This blog represents What’s The Funda (WTF) around consistent hashing and DHT (Distributed Hash Tables), Databases use cases where it is used.
Problems with Traditional Hashing Mechanism
Lets understand the traditional hashing mechanism using following diagram:
Pay attention to some of the following aspects as per the above diagram:
- Hash table/map is an array with each of the array index pointing to a linked list having each node representing a key-value pair.
- Keys are passed through a hash function. The index of the array (bucket) to which a specific key-value pair would get associated is a function of hash value and total size of the array. For example, in above diagram, key such as “Sam Doe” is hashed and evaluated to get associated with index, 254. Keys such as “John Smith” and “Sandra Dee” gets associated with same index such as 152.
- So far so good.
- What if the size of the array changes (increases or decreases)? In other words, what if the hash table is resized?
- Given that the key-value pair and its positioning in the array is a function of hash value and size of the array, the change in size of array would lead to re-assignment/remapping of buckets for nearly all key-value pair.
Lets see if we can apply the traditional technique such as above to store a record (having some key) to a specific computer (node) out of a list of computers (nodes).
The hashing technique, thus, can be said to be inconsistent.
Apply traditional hashing to store key-value in network of computer nodes
The requirement is to store key-value pairs on different computer nodes as a function of hash of key value and number of computer nodes.

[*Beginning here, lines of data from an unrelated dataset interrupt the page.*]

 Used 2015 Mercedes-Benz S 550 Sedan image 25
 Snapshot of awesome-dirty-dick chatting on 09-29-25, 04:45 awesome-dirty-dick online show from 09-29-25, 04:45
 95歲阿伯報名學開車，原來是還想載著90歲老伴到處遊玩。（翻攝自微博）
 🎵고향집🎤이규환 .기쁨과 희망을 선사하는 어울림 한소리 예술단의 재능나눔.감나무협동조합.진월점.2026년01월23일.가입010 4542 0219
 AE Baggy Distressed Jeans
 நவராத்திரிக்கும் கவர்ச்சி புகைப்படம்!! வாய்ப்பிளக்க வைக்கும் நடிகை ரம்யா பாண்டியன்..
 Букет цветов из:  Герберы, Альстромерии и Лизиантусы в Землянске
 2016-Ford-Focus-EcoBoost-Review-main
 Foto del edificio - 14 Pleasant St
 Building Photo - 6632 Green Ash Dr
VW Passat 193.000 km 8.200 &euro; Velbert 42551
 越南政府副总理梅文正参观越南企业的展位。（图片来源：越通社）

Let us say the hash value is calculated as following:
hash_value = hash(key);
Computer on which the data gets stored is calculated as following:
computerThatStoresRecord = func(hash_value, noOfComputerNodes);
So far so good. The above calculation can be done on a centralized node and the data/record is appropriately sent to the node and stored/written/persisted there. The same function is used for reading/retrieving the data/record from a specific node.

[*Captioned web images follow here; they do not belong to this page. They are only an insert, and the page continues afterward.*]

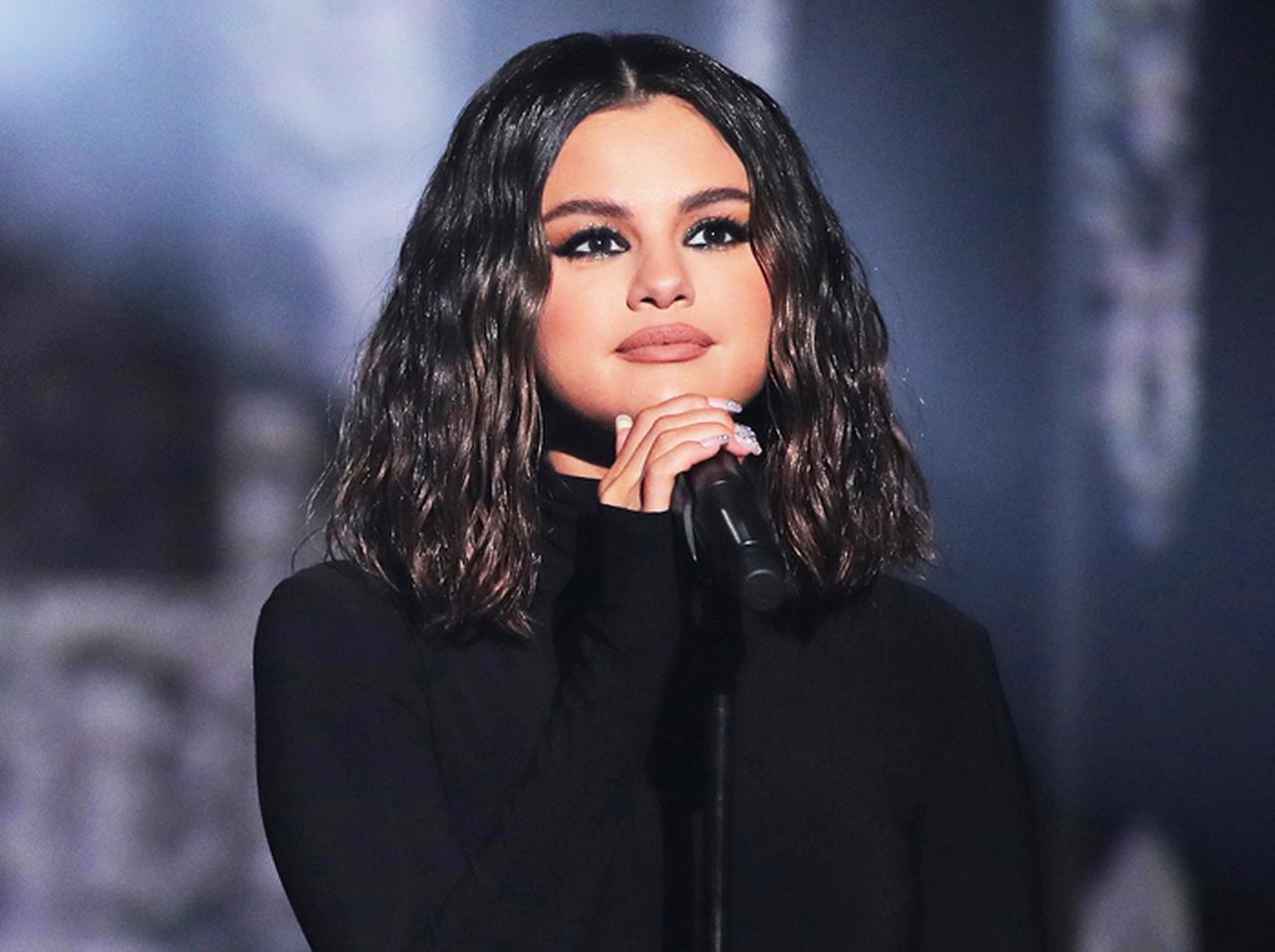 セレーナ・ゴメス、新アルバムのタイトル&トラックリストが発表！極秘試聴会も開催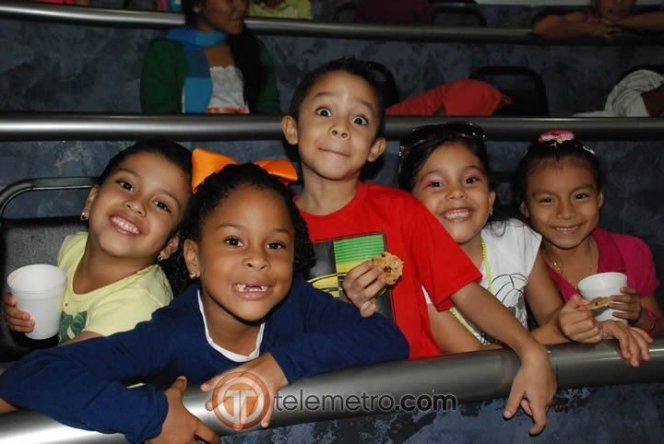 Los Pequeños Gigantes se conocen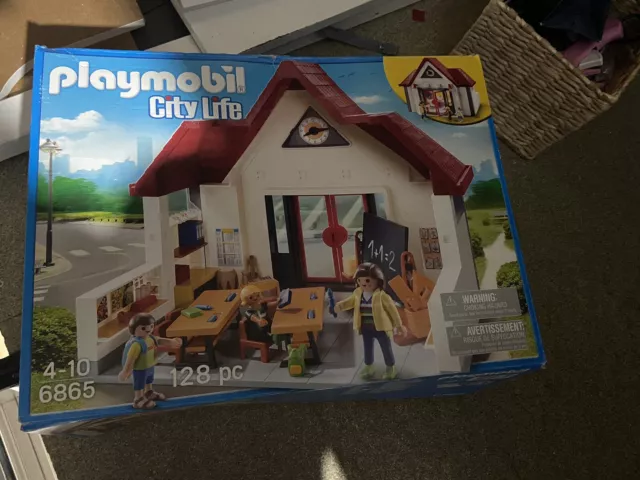 Playmobil City Life Schoolhouse with Moveable Clock Hands (6865)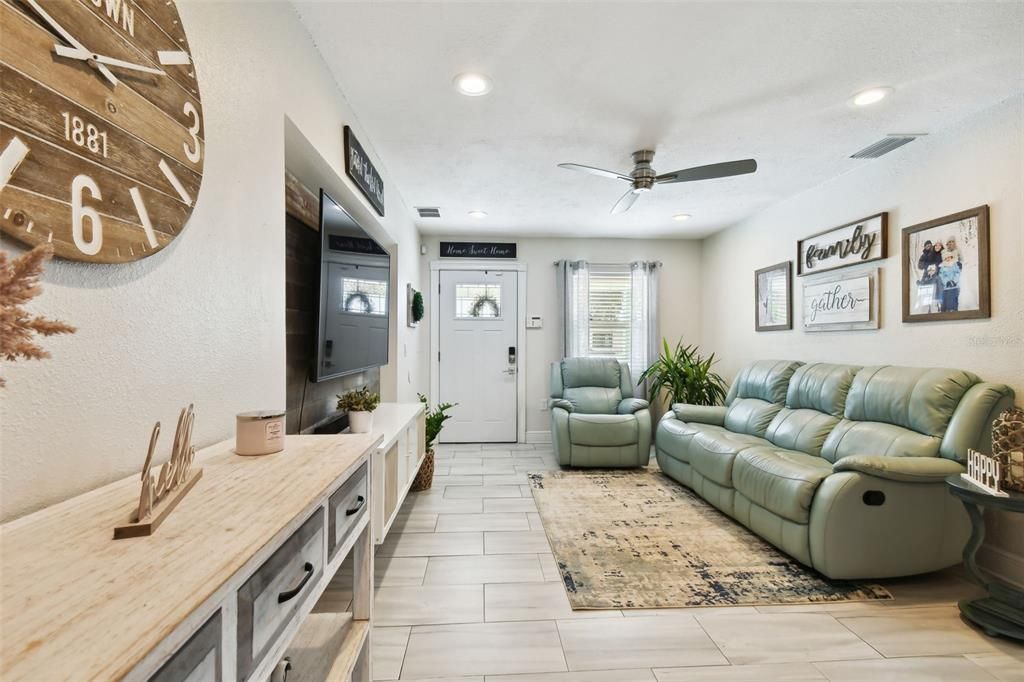 Active With Contract: $489,900 (4 beds, 2 baths, 1580 Square Feet)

Problem arises when the the value of noOfComputerNodes changes. This can change due to the fact that the one can add one or more nodes or, one or more nodes can shut down.
Due to the way that record’s node location s determined, it would start getting wrong. This is because different value of computerThatStoresRecord would get calculated as a result of changed value of noOfComputerNodes. As a result, all the records may end up getting written on different nodes.

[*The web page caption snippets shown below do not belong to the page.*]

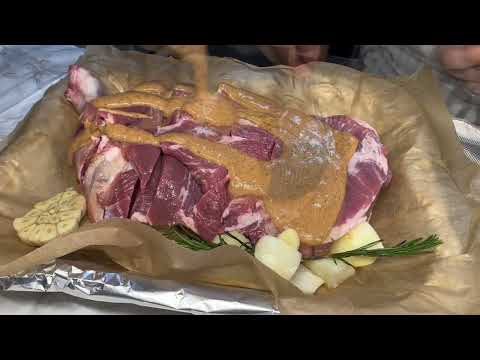 Tender roasted lamb shoulder | roast lamb with garlic and rosemary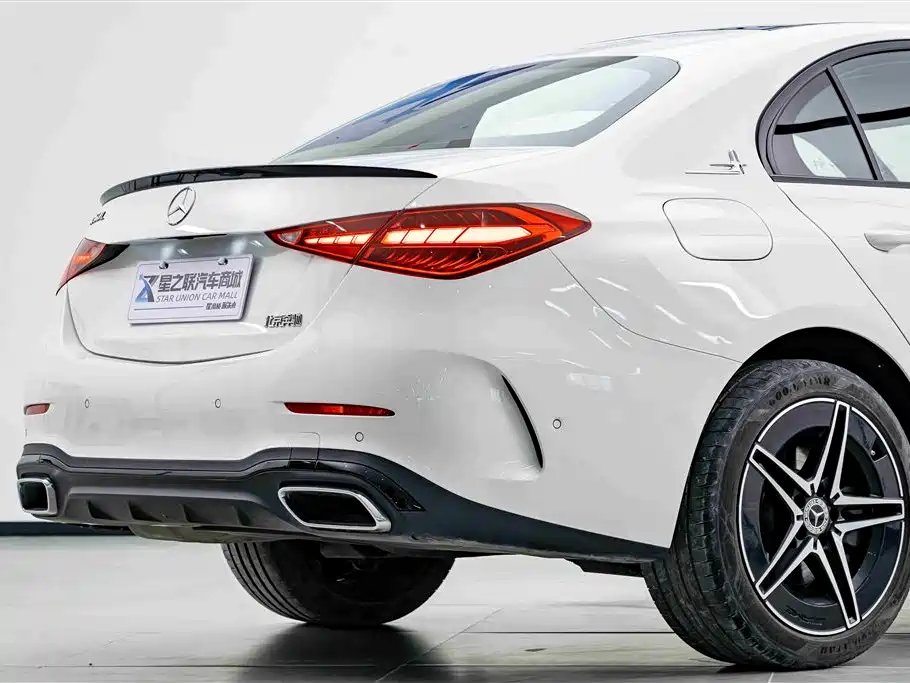 Mercedes-Benz C-Class 2024 — фото 7
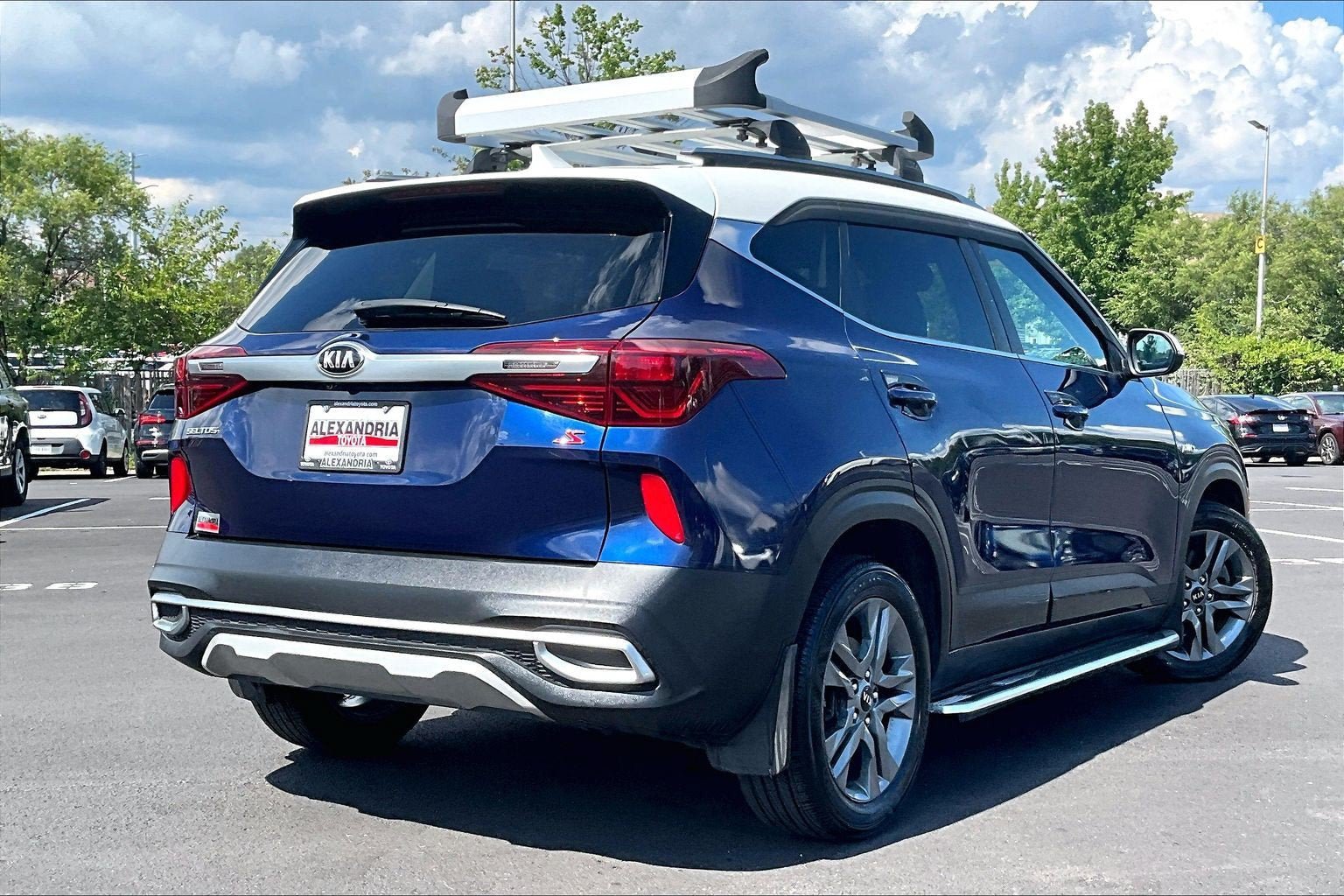 Used 2021 Kia Seltos S AWD/4WD image 12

So, there is a problem. How to solve this problem? Consistent Hashing is the answer.
What is Consistent Hashing?
Consistent hashing is a special hashing technique using which only a set of key-value pairs get relocated to new buckets unlike traditional hashing technique such as that mentioned above. Following happens in case of consistent hashing:
- Each bucket gets a unique key (index/number etc) associated with it based on the hash value generated as a function of unique name/label of the bucket.
- Each bucket is assigned a range of keys. In the diagram given below, all the buckets are specified key values. Bucket 1 has key value as 78. Bucket2 has key value as 180. Item with key value 150 would get stored in bucket2.
- A key-value pair is mapped to bucket based on the range of keys it is associated with and, thus, the bucket.
- Each time a key-value pair needs to be stored or retrieved, the partition key is determined using a hash function which takes the input as key. The range of number (keys) is then determined and, thus, the bucket gets determined which stores the key-value pair. In the diagram given above, the bucket 2 will store all the key-value pairs having partition key falling in the range of 78-180 . Thus, bucket 2 will store item with key as 150, bucket 3 will store item with with key as 370 etc.
- In case, a bucket gets removed, only a set of key-value pairs get remapped to new bucket unlike the traditional hashing technique where nearly all keys get remapped to newer buckets. Thus, if bucket2 is removed, item with key as 150 will get stored in bucket 3. In fact all keys which were getting stored in bucket2 will get remapped to bucket 3. Other key-value pairs will not get impacted.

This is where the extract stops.